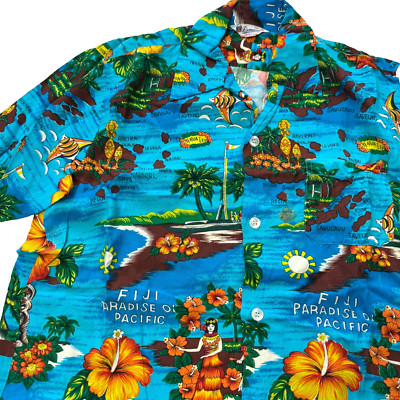 vintage 60s DESMOND FIJI HAWAIIAN Shirt M Rayon Hawaii Girl RARE 70s 50s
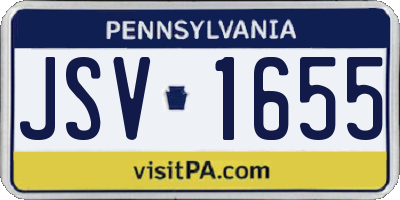 PA license plate JSV1655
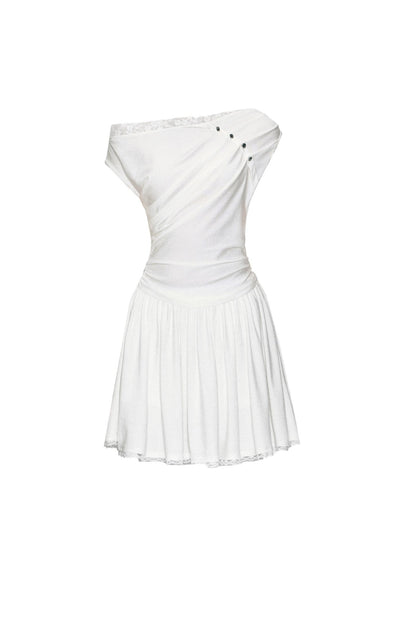 Lace Knit Asymmetric Dress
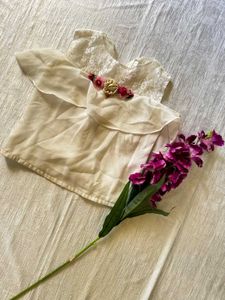 White Floral Cold Shoulder Top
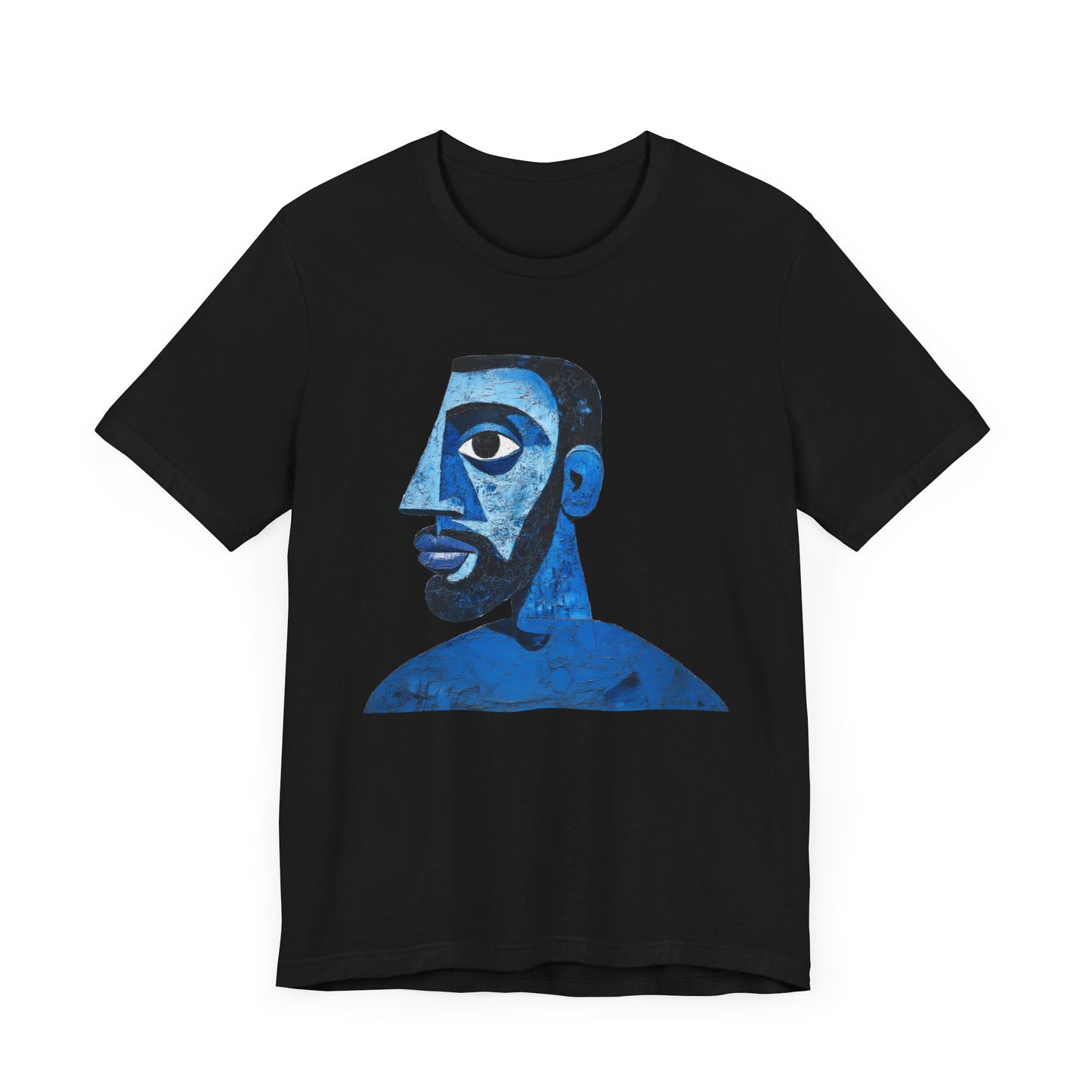 Abstract Artistic Blue Portrait Unisex Jersey Tee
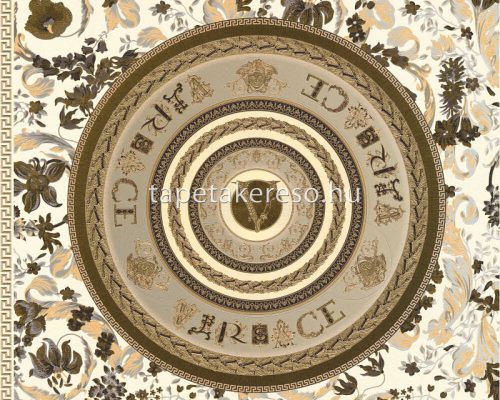 AS Creation Versace 5 vinyl, vlies anyagú csillámos, barna, fehér, szürke színű versace modern tapéta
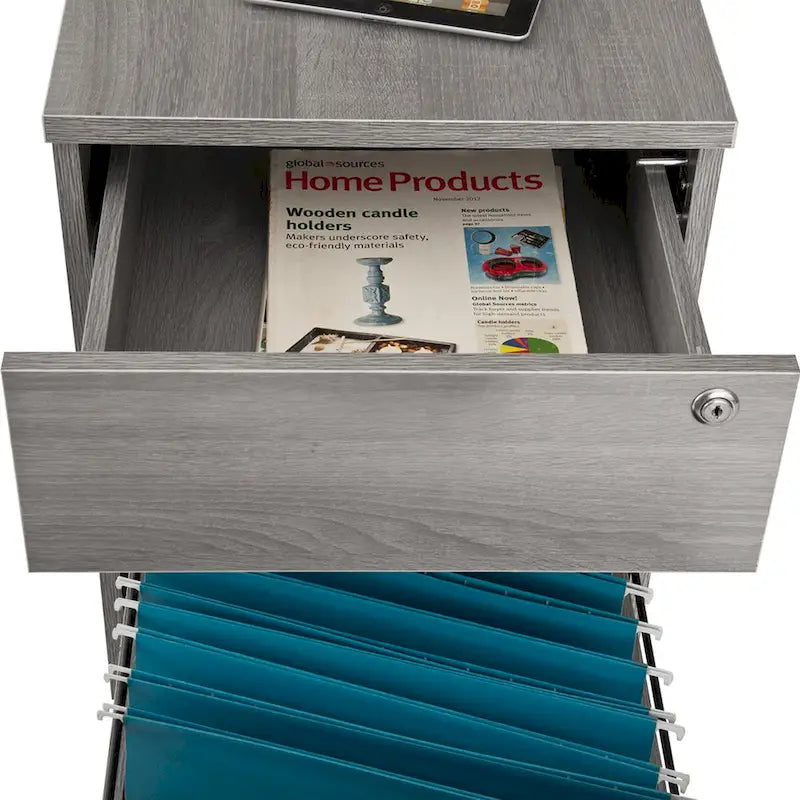 Classeur mobile à 2 tiroirs avec serrure – MDF gris veiné, 22,75H x 15,75W, Rangement de bureau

====================

→ Task description:
If a line comes after the line with "Abstract Artistic Blue", it stays out; print exactly every line from the start of the entries up to and including that line, but no pictures.

→ Reply to the exercise:
 vintage 60s DESMOND FIJI HAWAIIAN Shirt M Rayon Hawaii Girl RARE 70s 50s
 PA license plate JSV1655
 Lace Knit Asymmetric Dress
 White Floral Cold Shoulder Top
 Abstract Artistic Blue Portrait Unisex Jersey Tee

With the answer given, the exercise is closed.